Nothing outside the range is to be copied. From the entries below, reproduce exactly the lines starting at the one with "Collier chien de la marque AngelAres" and ending at the one with "Water snagit branch", without pictures.

**Dataset excerpts**
[Start of section]

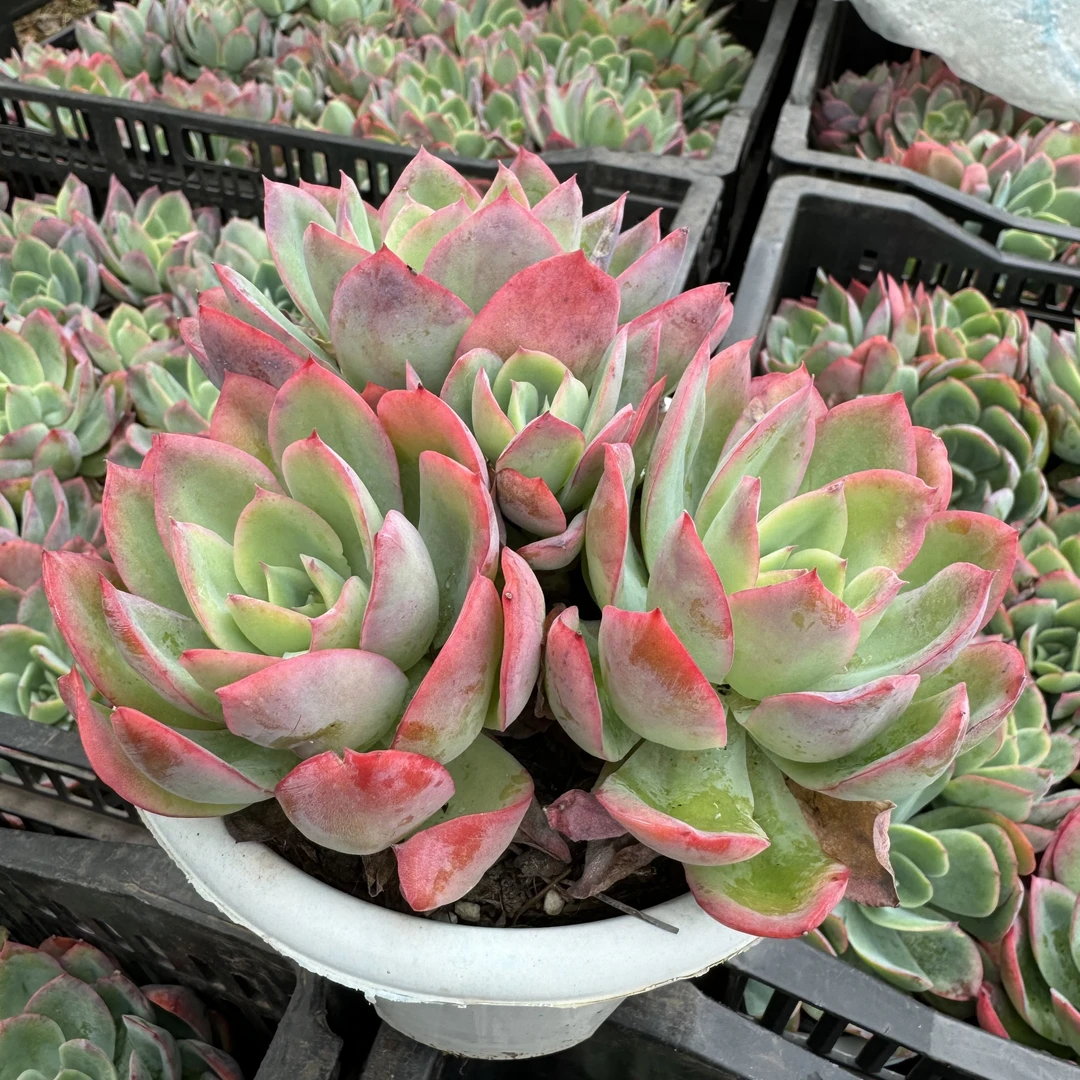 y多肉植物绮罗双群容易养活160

[End of section]
[Start of section]

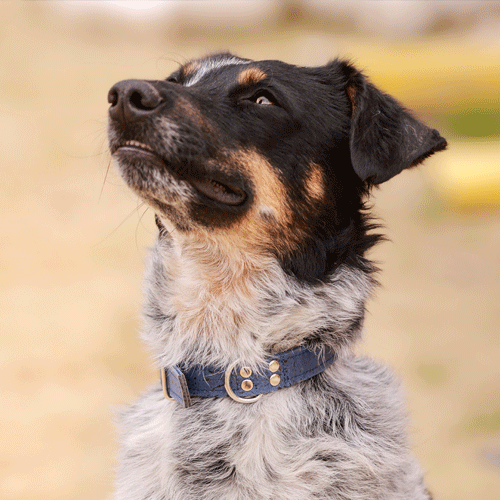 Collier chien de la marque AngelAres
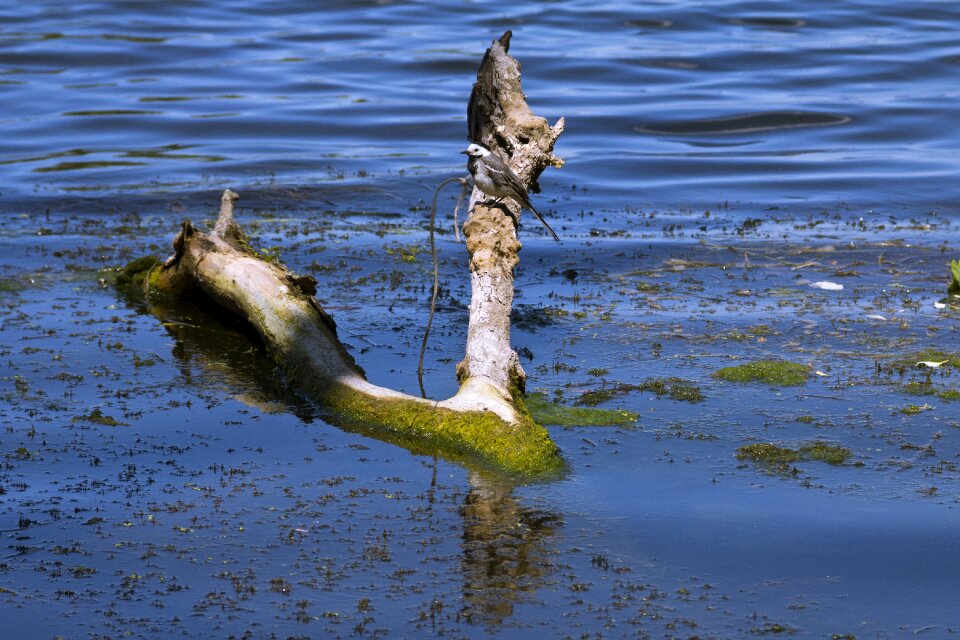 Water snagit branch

[End of section]

**Exercise result**
 Collier chien de la marque AngelAres
 Water snagit branch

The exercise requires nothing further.